When Pastor Ron took the guys around some of the damage Monday afternoon, what they saw was incredible. The almost unfathomable strength of the tornado was shown in the trusses that were ripped off of the top of houses, and the crumbling of entire homes. Houses had crumpled sheets of tin in their yards, when there weren’t any tin shops anywhere nearby. Furniture was shattered, mattresses sucked up out of their rooms and thrown out, and sheetrock pulled off of the studs it was nailed to.
Some blocks, sometimes 4 blocks deep, had all their houses leveled, with a splintered mess of every building material imaginable, covering the concrete slab where homes stood just 2 weeks ago.Some houses are still standing, but are condemned and are awaiting the bulldozer to level them.
In many neighborhoods, there is so much rubble and debris that you cannot see the yards. All that can help here right now is big equipment…
When we, as a family, took a drive through some of the neighborhoods tonight, we found that Pastor Ron hadn’t even taken the guys to the worst damage. Yes, there are neighborhoods where the damage is 2 blocks wide, and you can easily follow the path that the tornado took,you can tell the houses that were on the outskirts by their roof damage. Each one of those little black rectangles covers and seal up a debris penetration, where some sort of flying debris (brick, wood, rocks…) hit and broke through the roof of this nearby home.
More neighborhoods where some of the homes were leveled, and some were deemed condemned because of the amount of damage they sustained…
Out there driving through these neighborhoods, we find it incredible that not more people lost their lives. There is SO MUCH destruction here.
But the people of Moore are picking up the pieces, doing their best to reclaim their lives, and move on.
“Yard Sale some water damage” 🙂
Driving through the town we saw signs that marked where lunch and water is offered for the volunteers and homeowners out cleaning up their lots. There are reader boards telling homeowners to continue to move all their debris curbside, and lots of fenced in retail areas to keep looters out (and for liability reasons I’m sure).
There is so much that needs to be done just to remove the contents and shattered pieces of destroyed houses. You know those Time Magazine articles with all the pictures of war torn 3rd world countries, where there towns have sustained ongoing bombings for years, and there is nothing left undestroyed??? That is so like what we saw tonight.

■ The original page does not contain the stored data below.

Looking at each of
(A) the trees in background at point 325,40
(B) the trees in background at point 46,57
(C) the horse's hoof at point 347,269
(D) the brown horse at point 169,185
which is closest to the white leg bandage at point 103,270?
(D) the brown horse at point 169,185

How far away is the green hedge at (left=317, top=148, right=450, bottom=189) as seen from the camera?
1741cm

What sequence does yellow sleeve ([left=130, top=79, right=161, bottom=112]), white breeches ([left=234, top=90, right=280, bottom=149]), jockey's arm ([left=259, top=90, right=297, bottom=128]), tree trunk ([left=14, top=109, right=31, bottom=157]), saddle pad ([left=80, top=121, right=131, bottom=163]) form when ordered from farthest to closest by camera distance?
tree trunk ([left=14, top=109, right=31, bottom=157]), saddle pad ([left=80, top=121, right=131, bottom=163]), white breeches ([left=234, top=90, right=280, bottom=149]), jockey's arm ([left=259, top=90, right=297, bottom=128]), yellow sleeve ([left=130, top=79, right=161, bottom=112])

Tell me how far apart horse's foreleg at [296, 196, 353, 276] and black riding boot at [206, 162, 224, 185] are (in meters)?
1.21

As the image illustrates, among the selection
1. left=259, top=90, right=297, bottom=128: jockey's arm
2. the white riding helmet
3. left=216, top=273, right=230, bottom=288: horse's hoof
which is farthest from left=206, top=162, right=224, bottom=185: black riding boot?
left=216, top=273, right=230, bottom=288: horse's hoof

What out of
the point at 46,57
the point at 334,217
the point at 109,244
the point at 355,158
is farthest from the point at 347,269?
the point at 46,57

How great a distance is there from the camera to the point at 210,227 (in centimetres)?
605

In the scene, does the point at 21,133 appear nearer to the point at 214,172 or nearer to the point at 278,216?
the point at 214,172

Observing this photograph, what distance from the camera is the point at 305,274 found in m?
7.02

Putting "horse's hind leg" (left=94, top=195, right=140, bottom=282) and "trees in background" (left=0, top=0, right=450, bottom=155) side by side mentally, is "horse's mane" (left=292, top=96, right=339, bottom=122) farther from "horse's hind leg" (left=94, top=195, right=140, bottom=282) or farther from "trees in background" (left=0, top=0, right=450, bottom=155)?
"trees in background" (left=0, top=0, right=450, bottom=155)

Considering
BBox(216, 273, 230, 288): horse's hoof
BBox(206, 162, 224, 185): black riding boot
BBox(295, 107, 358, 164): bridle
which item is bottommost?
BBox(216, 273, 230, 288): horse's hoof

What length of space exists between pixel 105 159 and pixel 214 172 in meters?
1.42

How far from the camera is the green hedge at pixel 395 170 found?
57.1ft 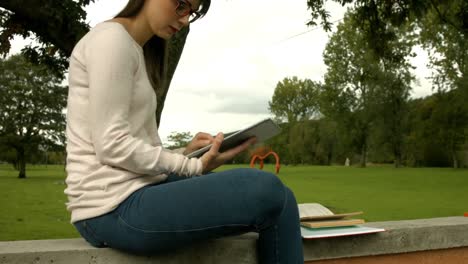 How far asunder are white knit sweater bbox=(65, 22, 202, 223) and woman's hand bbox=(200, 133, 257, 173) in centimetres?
5

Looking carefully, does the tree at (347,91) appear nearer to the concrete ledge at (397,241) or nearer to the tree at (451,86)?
the tree at (451,86)

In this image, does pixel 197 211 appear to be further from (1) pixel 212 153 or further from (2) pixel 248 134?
(2) pixel 248 134

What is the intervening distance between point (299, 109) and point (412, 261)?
55.7 m

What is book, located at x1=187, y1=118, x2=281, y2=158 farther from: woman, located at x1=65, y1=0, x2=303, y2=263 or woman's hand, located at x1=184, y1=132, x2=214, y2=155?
woman's hand, located at x1=184, y1=132, x2=214, y2=155

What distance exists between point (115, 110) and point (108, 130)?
0.22 feet

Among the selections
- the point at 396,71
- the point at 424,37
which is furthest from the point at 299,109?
the point at 424,37

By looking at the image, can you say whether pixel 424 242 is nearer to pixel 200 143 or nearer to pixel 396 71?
pixel 200 143

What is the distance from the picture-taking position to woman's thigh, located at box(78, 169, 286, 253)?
1.66 m

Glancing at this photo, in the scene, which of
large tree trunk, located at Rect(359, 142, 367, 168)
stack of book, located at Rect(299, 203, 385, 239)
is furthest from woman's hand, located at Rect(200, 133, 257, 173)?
large tree trunk, located at Rect(359, 142, 367, 168)

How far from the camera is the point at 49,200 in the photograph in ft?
51.3

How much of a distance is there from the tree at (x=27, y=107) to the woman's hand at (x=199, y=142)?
98.8 feet

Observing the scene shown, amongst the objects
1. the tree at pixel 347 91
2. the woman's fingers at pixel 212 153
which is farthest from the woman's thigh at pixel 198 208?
the tree at pixel 347 91

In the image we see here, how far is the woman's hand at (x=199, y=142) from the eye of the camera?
7.00 feet

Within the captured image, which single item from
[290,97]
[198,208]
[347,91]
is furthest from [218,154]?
[290,97] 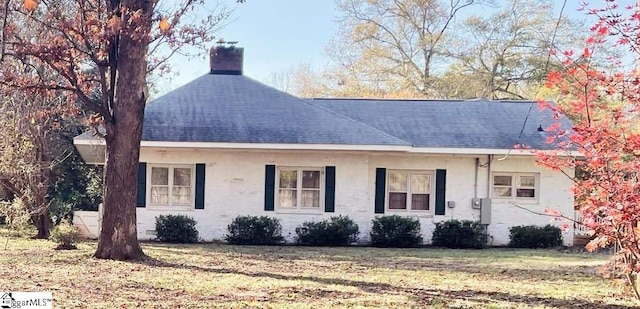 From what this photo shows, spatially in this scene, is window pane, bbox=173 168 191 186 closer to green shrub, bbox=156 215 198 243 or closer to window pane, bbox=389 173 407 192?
green shrub, bbox=156 215 198 243

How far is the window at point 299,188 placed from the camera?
642 inches

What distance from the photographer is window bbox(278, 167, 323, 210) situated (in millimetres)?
16297

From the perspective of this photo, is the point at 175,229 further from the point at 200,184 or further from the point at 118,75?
the point at 118,75

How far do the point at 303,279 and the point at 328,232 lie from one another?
20.9 feet

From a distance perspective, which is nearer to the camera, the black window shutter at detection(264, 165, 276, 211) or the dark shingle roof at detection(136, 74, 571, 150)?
the dark shingle roof at detection(136, 74, 571, 150)

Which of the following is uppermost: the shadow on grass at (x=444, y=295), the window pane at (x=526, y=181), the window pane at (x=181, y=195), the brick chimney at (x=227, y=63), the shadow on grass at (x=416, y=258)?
the brick chimney at (x=227, y=63)

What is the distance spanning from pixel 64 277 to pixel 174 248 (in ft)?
18.0

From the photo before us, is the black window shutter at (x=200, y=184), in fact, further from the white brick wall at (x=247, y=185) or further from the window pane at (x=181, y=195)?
the window pane at (x=181, y=195)

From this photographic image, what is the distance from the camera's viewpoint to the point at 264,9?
1684 cm

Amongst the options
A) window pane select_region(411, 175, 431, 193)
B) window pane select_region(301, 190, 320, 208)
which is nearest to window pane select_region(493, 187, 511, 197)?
window pane select_region(411, 175, 431, 193)

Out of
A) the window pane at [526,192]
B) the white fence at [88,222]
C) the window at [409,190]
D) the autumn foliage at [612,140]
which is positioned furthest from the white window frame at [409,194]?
the autumn foliage at [612,140]

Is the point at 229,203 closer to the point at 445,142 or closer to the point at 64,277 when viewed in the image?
the point at 445,142

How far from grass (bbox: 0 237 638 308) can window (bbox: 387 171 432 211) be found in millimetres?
2803

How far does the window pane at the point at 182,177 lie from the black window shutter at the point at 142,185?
0.76m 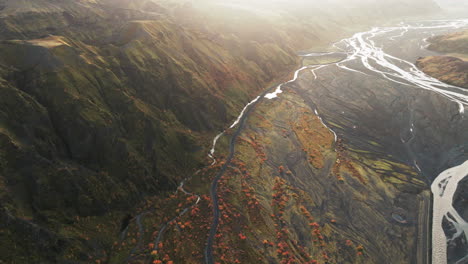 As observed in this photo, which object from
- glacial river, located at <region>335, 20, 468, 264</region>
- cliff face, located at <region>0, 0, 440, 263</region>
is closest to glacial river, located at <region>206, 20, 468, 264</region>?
glacial river, located at <region>335, 20, 468, 264</region>

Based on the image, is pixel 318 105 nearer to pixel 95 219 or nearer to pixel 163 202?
pixel 163 202

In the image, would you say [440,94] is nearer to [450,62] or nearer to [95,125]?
[450,62]

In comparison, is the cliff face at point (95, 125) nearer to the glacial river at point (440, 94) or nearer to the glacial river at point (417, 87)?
the glacial river at point (417, 87)

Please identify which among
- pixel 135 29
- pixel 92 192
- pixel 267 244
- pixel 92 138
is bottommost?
pixel 267 244

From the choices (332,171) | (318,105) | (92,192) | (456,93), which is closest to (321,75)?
(318,105)

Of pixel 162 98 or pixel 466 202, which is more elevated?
pixel 162 98

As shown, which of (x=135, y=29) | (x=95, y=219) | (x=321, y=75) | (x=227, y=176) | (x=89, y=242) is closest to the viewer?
(x=89, y=242)

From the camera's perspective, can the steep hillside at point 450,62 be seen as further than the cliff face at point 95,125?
Yes

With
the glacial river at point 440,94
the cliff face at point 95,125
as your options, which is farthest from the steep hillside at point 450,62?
the cliff face at point 95,125

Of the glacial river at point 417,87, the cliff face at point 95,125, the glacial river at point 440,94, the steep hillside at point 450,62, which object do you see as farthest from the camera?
A: the steep hillside at point 450,62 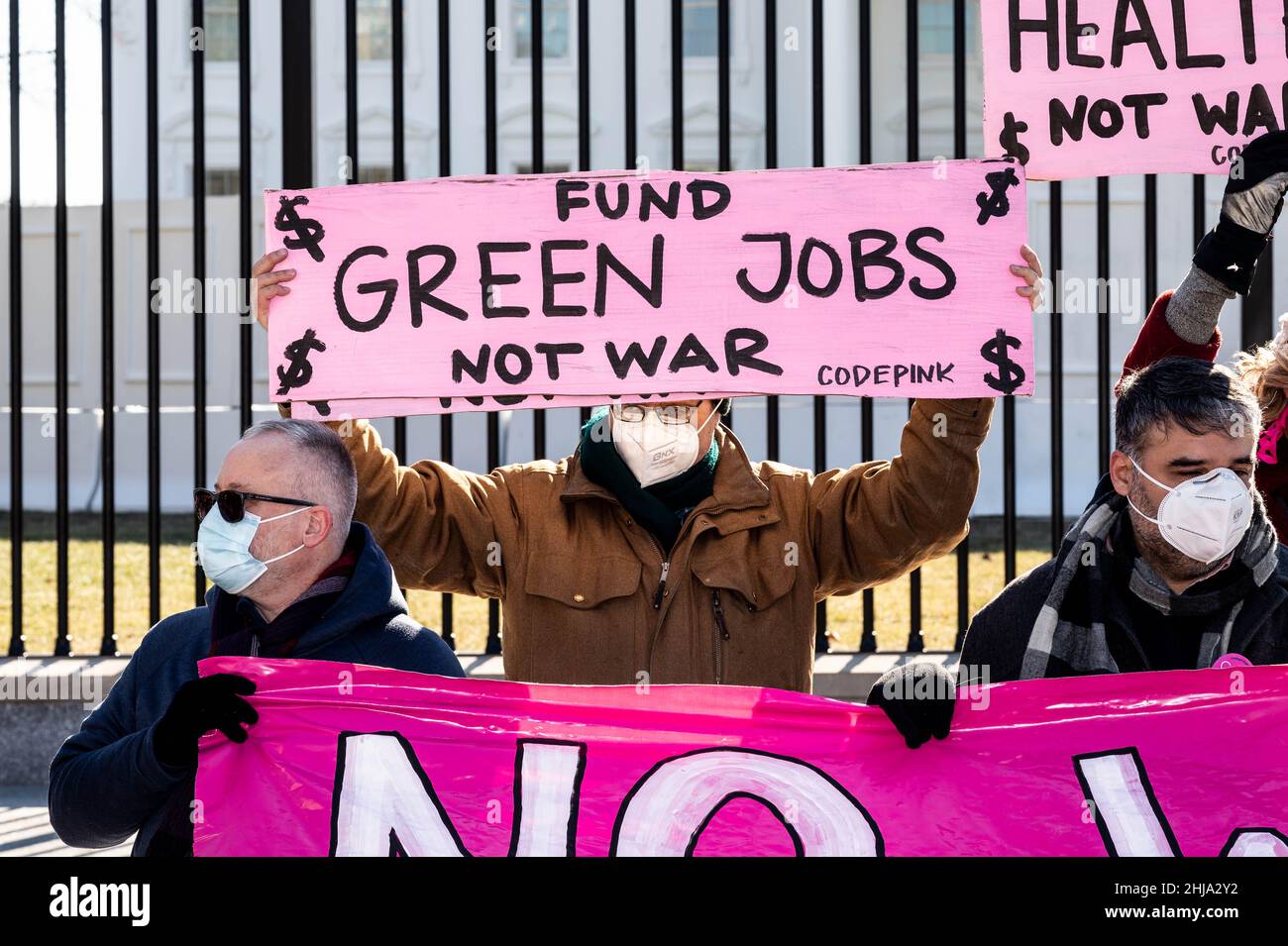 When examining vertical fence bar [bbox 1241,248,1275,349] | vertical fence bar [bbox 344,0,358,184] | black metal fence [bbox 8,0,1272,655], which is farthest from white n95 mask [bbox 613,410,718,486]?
vertical fence bar [bbox 1241,248,1275,349]

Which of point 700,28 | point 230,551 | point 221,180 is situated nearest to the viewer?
point 230,551

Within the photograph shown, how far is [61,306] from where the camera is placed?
548cm

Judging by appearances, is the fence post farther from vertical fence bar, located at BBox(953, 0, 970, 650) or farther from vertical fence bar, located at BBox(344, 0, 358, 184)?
vertical fence bar, located at BBox(953, 0, 970, 650)

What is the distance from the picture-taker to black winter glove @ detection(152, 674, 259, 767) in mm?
2676

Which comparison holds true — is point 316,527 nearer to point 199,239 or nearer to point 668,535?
point 668,535

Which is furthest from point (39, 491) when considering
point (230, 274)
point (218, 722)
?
point (218, 722)

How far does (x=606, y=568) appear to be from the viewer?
3334 mm

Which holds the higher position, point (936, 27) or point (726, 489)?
point (936, 27)

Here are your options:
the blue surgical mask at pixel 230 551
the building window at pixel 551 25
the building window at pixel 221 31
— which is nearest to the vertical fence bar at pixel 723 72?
the blue surgical mask at pixel 230 551

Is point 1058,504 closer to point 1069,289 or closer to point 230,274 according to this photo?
point 1069,289

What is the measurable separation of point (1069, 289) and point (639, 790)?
11.3m

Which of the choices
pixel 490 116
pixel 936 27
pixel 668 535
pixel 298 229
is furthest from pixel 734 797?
pixel 936 27

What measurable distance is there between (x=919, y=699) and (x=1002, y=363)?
89 cm

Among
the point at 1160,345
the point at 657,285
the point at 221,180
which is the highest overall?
the point at 221,180
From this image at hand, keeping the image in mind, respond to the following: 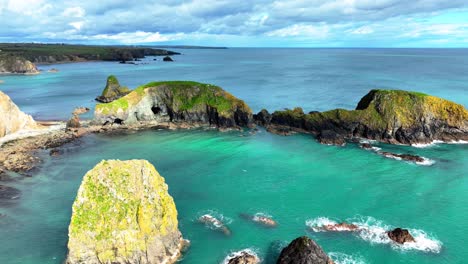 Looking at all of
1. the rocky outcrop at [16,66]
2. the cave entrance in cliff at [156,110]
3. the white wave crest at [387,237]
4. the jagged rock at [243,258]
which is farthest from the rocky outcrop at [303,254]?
the rocky outcrop at [16,66]

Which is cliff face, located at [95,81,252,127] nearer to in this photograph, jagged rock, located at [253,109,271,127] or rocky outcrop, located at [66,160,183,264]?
jagged rock, located at [253,109,271,127]

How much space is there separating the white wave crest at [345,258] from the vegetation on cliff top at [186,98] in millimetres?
45674

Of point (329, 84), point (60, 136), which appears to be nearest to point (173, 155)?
point (60, 136)

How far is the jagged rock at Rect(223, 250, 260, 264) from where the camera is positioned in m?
29.2

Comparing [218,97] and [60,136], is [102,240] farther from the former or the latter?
[218,97]

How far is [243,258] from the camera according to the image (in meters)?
29.4

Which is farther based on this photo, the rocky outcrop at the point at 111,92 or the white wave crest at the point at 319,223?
the rocky outcrop at the point at 111,92

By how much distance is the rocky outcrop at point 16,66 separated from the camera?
177m

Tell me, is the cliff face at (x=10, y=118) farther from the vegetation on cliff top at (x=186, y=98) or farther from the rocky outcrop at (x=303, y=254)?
the rocky outcrop at (x=303, y=254)

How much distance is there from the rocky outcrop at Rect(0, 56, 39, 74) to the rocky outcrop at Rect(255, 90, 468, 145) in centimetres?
17003

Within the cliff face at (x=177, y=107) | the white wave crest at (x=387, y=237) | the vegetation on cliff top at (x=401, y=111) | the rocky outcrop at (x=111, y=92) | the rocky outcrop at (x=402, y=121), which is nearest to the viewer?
the white wave crest at (x=387, y=237)

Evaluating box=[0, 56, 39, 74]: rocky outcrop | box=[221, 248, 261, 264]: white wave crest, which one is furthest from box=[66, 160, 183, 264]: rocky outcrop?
box=[0, 56, 39, 74]: rocky outcrop

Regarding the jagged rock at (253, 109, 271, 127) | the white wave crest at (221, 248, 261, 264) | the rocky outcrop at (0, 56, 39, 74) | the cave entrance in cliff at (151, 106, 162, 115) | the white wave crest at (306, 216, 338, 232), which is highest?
the rocky outcrop at (0, 56, 39, 74)

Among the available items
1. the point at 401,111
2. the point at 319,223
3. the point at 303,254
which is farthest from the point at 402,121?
the point at 303,254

We drove to a new part of the devastation, and the scene was surreal; as far as you could see, down the wide swath decimated by the path of the tornado at it’s peak…
Some people lost their homes and all of their possessions. Some people lost their jobs…
Some people lost both.
The nearby Walgreens is closed due to damage, but they quickly moved in a mobile trailer and are still dispensing prescription meds. It reminds me of the CVS in Tuscaloosa that did the same, and was still operating out of their mobile building a year later. These neighborhoods are in town – not on the outskirts, not some remote subdivision. It’s pretty bizarre to see a huge swath of mass destruction, and then a block in from the edges, the homes are structurally fine, with maybe a tarp on the roof and a few branches on the curb waiting for pickup.
It’s comforting to know that this life isn’t all we have. And that trials make us stronger.
The job ahead is daunting, but Moore is going to recover, and rebuild. Hopefully, we can help them out just a little bit!